Ten years is a long time to be married to someone. –Gwyneth Paltrow
Dear Gwyneth,
I’ve been married ten years in November and it has gone by in a silly blur. When we got married, my nephew Wyatt was a tiny bump under his mom’s bridesmaid dress. He’s going to be nine in June—nine! Behind him came seven more grandkids in seven years and all of them are now walking and talking.
I don’t feel like I have aged a day, even though there’s a whole lot of gray hair and twenty extra pounds that give a lie to that story. Shea is thinner than he was on our wedding day, but the gray ghost has caught him by the chin and we’re going to make a lot of money in retirement hiring ourselves out as Santa and Mrs. Claus for parties.
We still fight over the same stupid things we fought over when we were dating. And we laugh at the same stupid jokes. Sometimes we look around at our three kids, two dogs and home that we’ve lived in for almost all of those ten years and say to each other “When did we become grown-ups?”
Before, I prayed for and waited almost patiently for this life. The last ten years have not always been joyful and we have faced some dark valleys, just like everyone else. But even when those folded up socks in the laundry make me want to scream and throw Shea over the mountain, I am grateful that he has given me this life.
So I don’t think ten years is a long time to be married. Not when we’re standing in the shadow of our parents, who have been married 30 and 46 years respectively. Not when I witnessed both my grandparents’ 50th wedding anniversary celebrations. Not when some of my closest friends, who are our age, have been married 24 and 19 years. Compared to them, we’re still rookies!
And Gwyneth, this idea of “conscious uncoupling” is dangerous. If it was a way to divorce without anger and resentment and with the children’s emotional and psychological health intact, I could get behind it-ish. We don’t speak divorce in this house, but there are legitimate reasons for it to happen.
But that’s not what you’re saying. You’re saying you got tired, distant, bored. That you’ve had enough and there isn’t any more you can learn from each other. That it just isn’t working.
You’re not saying much else, so we don’t know the nuts and bolts. And normally I would say that it’s not our business, except that the conscious uncoupling made it our business.
You want reform the definition of divorce and hide behind the “science” that humans are living longer and are not psychologically or emotionally equipped to be married for decades. That we should stay in our marriages as long as they have something to teach us, and then, like graduating from college, move on to the next experience with no guilt, shame or sense of failure.
Without even a nod to the mountains of research that tell us what divorce does to kids.
Look, if you aren’t willing to work on it, if your anger is too big and your ability to forgive too small, that’s fine. We’re human and we understand those emotions. We’ve all felt a like a five year old at one time or another.
But own it. Say that you have failed, let down your families and your children and yourselves. Be humble. Don’t whitewash it, like it isn’t a trauma.
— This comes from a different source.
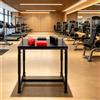 EDIJJFR Tavolo da competizione professionale standard con poggiapolsi regolabile e cuscinetti per gomiti, portata 1000 kg, per palestra, club e palestre, 90 x 65 x 100 cm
And keep this conscious uncoupling stuff to yourself. You are entitled to your delusions. But don’t call my marriage and the marriages around me “exceptions” to your delusion, because we aren’t. Most marriages that make it ten years have more resilience in the long run. Not yours, I get it, but who knows what could have happened if you hadn’t put a limit on it before you even started.
Don’t drag the rest of us into it, even though misery loves company. We aren’t faking it, or denying ourselves personal growth by staying with our partners. We’re still learning and growing and our endoskeletons are just fine, thank you very much.
Jen
PS: You’re on a roll, with your conscious uncoupling and your comments about regular working moms, and not in a good way. I have found that when the world seems to be against you, that’s more about you than the world. Might be time for a rethink. Just sayin’.
I loved the whole darn post! If I were you, I would have added a sassy “boo-yah!” at the end though. I think my ninth graders are rubbing off on me though….
In all seriousness though, Gwyneth’s headlines have been bothering me as well. While marriage can be difficult, it’s worth it…. As Gorge and I celebrate 12 years as a couple tomorrow, we’re cognizant of the pain, but also the joy we’ve brought together.
Miss you friend 🙂
Lol, thanks. Marriage is hard and glorious too. I miss you something fierce and HATE that you are growing that baby so far away…
Is it too uncharitable to ask if she will be tired of being a parent after ten years?
From my own experience, life with my partner just keeps getting better after ten years. Yes, of course, there is stuff to work through, not the least of which is myself as a partner, but that’s kinda the point isn’t it? We just got married in the fall after 11(9) years together and one of the things the minister said that struck a note with everyone is that you aren’t just marrying the person beside you but all the future versions of them.
All the future versions…of which we have already seen some, huh?